Cafe bars do more than serve rich, smooth espressos. They facilitate eristic conversation and encourage consumption.
They’re a juxtaposition: marble tables varnished with cigarette ash. French double doors and cheap rose painted plates.
I’ve spent much of my time in them, pen in hand, creating what one man suggested was foreign scribble. Little did he know I was writing of his potent aroma of Marlboro cigarettes.
There is no prestige, no governance. The staff are often lazy. They don’t clear plates for hours, rather they puff away on a cigarette till it’s time to close the doors. They endeavour to make you speak to them, drink with them, and smoke away the scorched afternoon.

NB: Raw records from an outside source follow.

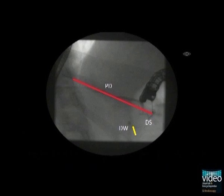Irrespective of the anatomic variant, the majority of individuals with pancreas divisum have no pancreatic symptoms throughout their lifetime. However, there is considerable evidence that these abnormalities of the pancreatic duct predispose patients to pancreatitis.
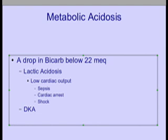Patients will frequently try to compensate by hyperventilating, but we'll get into compensation later. The treatment for metabolic acidosis is to correct the thing that's causing the acidosis. In the case of diabetic ketoacidosis, that means giving insulin.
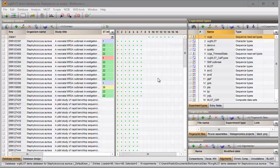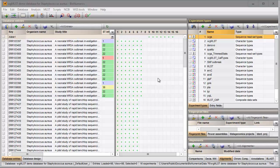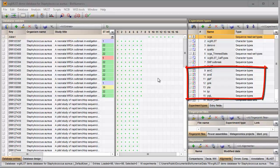We will look for the 7 housekeeping genes as used in the online MLST scheme hosted at mlst.net. The MLST online plugin is already installed in this demonstration database, resulting in a sequence experiment type for each housekeeping gene that is present in the online MLST scheme.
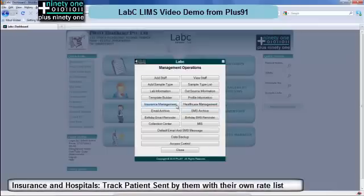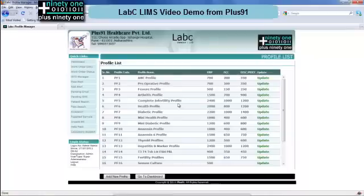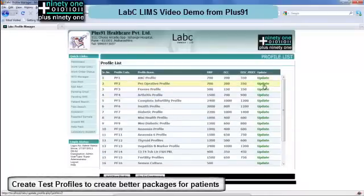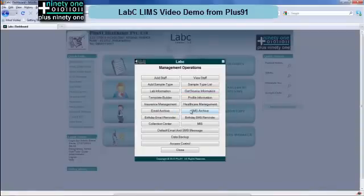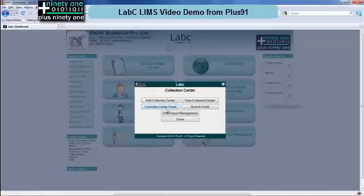Next you have insurance and healthcare management. Here you can define hospital insurance companies which send patients to you and track their total billing for the month. Profile management allows you to create profile lists and select groups of tests with a single rate list — this allows you to give better packages to patients without the headache of tracking them on paper. You have an SMS and email archive for times when SMS and emails have not gone due to internet connectivity being down, and you can auto-send them from here directly. You can also send birthday SMS and email details.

The women are sharp and pointy, like a knife ready to slice through the daily orange and polenta cake. Then you explain how you adore cake, and you realise they’re actually the sweet honey that’s laden through your slice.
There is no respectable time for anything. Wine is a breakfast accompaniment. Coffee, desert’s. Meals are peculiar. Bread is slashed with olive oil, cold cuts, and fresh figs.
The cafe bar is social. It’s a public home. A young family’s weekend itinerary. The alcoholic’s retreat. My source of creativity, and grasp for a foreign home.